Abstract

The work reported here describes the use of hyperspectral imagery for discriminating and mapping the mineralogy of surface materials at a semi-arid site in New South Wales, Australia. Hyperspectral imagery for the Mrangelli test site near Cobar was acquired by the HyMap instrument, a 126-channel, high spectral and spatial resolution airborne scanner. Ground investigations demonstrate that HyMap is able to acquire spectra of 5 m pixels that have a similar spectral resolution to spectra acquired with a field spectrometer. Unmixing of endmembers from calibrated HyMap imagery allowed outcrops of maghemite-rich pisoid lags, lithic lags, ferrolithic lags, metasediments and soils to be discriminated and mapped. The pisoid lag is shown by field and image spectra to be a mixture of hematite/maghemite Fe oxides and kaolinite. Lithic lags show features that resemble mixtures of hematite and illite. Class maps derived from the visible and near-infrared (VISNIR) part of the spectrum delineate terrain elements distinguished by their Fe mineralogy and content.

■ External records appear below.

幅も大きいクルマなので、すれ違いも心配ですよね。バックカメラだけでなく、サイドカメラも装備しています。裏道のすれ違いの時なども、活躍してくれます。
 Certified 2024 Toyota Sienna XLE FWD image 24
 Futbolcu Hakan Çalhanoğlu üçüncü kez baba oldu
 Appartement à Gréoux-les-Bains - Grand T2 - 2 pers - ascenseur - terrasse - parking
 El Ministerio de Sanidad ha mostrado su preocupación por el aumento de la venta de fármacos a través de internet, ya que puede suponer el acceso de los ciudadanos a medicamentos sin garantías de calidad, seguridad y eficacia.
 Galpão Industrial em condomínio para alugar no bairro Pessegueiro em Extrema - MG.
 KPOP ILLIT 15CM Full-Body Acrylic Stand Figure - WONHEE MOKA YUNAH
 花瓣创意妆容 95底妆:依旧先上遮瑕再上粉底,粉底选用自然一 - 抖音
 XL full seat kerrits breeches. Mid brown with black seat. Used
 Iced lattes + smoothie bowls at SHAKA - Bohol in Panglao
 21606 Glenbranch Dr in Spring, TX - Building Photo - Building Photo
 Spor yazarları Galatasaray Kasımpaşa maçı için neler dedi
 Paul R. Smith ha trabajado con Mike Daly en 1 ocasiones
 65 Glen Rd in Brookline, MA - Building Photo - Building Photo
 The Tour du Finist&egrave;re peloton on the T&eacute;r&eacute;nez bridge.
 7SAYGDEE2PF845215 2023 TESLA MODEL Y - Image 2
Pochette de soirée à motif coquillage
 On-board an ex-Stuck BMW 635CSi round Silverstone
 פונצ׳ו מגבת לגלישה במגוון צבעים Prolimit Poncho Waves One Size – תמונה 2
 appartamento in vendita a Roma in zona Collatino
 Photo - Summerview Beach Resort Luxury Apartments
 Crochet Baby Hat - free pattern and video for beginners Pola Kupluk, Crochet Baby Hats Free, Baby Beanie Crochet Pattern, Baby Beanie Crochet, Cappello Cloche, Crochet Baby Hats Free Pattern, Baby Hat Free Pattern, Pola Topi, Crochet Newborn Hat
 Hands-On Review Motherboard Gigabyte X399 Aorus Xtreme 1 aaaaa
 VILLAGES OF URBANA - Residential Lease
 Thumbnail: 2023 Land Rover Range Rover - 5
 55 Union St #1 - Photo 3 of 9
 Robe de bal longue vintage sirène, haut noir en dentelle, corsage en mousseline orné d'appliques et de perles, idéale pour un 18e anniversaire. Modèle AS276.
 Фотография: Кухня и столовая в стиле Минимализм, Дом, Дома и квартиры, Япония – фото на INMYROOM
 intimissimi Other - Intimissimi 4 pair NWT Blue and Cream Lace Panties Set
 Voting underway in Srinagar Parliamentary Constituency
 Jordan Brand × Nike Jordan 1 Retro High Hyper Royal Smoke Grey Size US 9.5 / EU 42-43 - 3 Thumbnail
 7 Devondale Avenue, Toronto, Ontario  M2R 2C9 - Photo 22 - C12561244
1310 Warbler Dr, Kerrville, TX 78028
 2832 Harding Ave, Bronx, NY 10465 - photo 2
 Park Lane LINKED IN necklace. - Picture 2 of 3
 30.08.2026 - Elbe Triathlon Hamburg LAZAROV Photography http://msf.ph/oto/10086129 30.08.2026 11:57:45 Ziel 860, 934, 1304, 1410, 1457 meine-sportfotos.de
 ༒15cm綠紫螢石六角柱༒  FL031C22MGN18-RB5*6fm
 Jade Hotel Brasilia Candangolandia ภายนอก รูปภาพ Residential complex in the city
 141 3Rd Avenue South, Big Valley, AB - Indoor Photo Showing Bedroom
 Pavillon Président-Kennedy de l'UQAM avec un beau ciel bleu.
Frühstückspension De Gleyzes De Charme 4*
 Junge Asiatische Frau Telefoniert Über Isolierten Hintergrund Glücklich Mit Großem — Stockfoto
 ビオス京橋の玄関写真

Class maps derived from the shortwave infrared part (SWIR) of the spectrum delineate terrain elements distinguished by their clay mineralogy, content and crystallinity. Unique combinations of VISNIR- and SWIR-derived terrain elements define geomorphic terrains common within the region. It is proposed that maps of lag distribution and the accompanying terrains derived from HyMap imagery could be used to differentiate in-situ from transported materials and therefore aid in the planning of sample locations for soil and lag geochemistry exploration programmes.